Locksley used his tight ends more to pass protect when a depleted offensive line led to quarterback Josh Jackson being sacked 10 times in a three-game stretch and eventually spraining his right ankle after one of them against Rutgers. However, Maryland’s tight ends seemed to get more involved in the passing game in last week’s 34-28 loss at home to Indiana.
Okonkwo caught a career-high five passes, including a 12-yard touchdown pass from redshirt junior Tyrrell Pigrome. It gave Okonkwo 16 catches for 164 yards and two touchdowns this season. It is already the most catches by a Maryland tight end since Dave Stinebaugh caught 15 passes for 204 and three touchdowns in 2013.
Mabry, who early this season became the first Maryland tight end to catch touchdowns in back-to-back games, has 11 receptions for 142 yards and three touchdowns. He narrowly missed his fourth when it was ruled he stepped out of bounds after a 52-yard catch and run.

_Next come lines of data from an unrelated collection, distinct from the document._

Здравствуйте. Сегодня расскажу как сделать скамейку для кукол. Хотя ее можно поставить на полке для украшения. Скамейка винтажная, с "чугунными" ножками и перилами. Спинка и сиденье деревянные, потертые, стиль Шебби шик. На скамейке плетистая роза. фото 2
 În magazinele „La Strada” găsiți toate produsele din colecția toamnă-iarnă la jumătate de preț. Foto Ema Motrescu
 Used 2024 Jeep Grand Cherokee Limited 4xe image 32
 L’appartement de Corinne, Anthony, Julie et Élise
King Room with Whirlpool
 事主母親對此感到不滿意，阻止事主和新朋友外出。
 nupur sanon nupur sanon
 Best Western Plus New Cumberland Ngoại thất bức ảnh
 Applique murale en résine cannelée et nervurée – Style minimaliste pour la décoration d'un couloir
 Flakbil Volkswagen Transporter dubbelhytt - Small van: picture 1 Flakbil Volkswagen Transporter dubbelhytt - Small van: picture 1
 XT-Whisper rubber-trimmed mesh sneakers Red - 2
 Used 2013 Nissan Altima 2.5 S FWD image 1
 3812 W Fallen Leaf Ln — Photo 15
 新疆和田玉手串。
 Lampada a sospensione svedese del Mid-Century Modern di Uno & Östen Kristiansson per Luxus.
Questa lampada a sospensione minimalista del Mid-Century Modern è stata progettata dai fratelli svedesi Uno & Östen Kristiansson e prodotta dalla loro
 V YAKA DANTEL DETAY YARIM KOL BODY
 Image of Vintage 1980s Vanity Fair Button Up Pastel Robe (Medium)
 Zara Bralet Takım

“Last year, I felt we were just running around a lot,” said Okonkwo, who caught six passes for 69 yards and a touchdown in 2018, the most by any Maryland tight end. “It’s like a decoy. This year, I feel our role’s increased. We’re always like a threat to catch the ball. I feel we impact the defense a lot. If they think we’re on the field to catch the ball, they have to worry about us and that can open up a lot of other stuff. If we go in there to block, we can help the run game too.”
Chika Okonkwo said her father’s death is “still a process, it’s something that will always be prevalent in our minds. It’s brought us all closer. We know that we’re all that we have left. We really appreciate each other more. Before something like that happens, especially if it’s out of the blue, you kind of think it’s going to be the way it is for a long time. I think we really value one another.”
As for her younger brother, it’s what could push him closer to his lifelong dream of making the NFL.
“It’s one of his main drivers,” Chika Okonkwo said. “My father always told us to reach for the stars, that we could do whatever we want. But he also wanted us to be good people and to have an impact. I think that my brother wants to make my father proud in everything that he does. It’s something we all do, but I think I see it in him the most. As the only son, he really wants to leave a mark in my father’s honor. It’s very cool.”
Said Okonkwo: “[My father’s death] made me pay more attention to the things he taught me in life like discipline, hard work and doing the right thing. All of those things contributed to my success on the field.”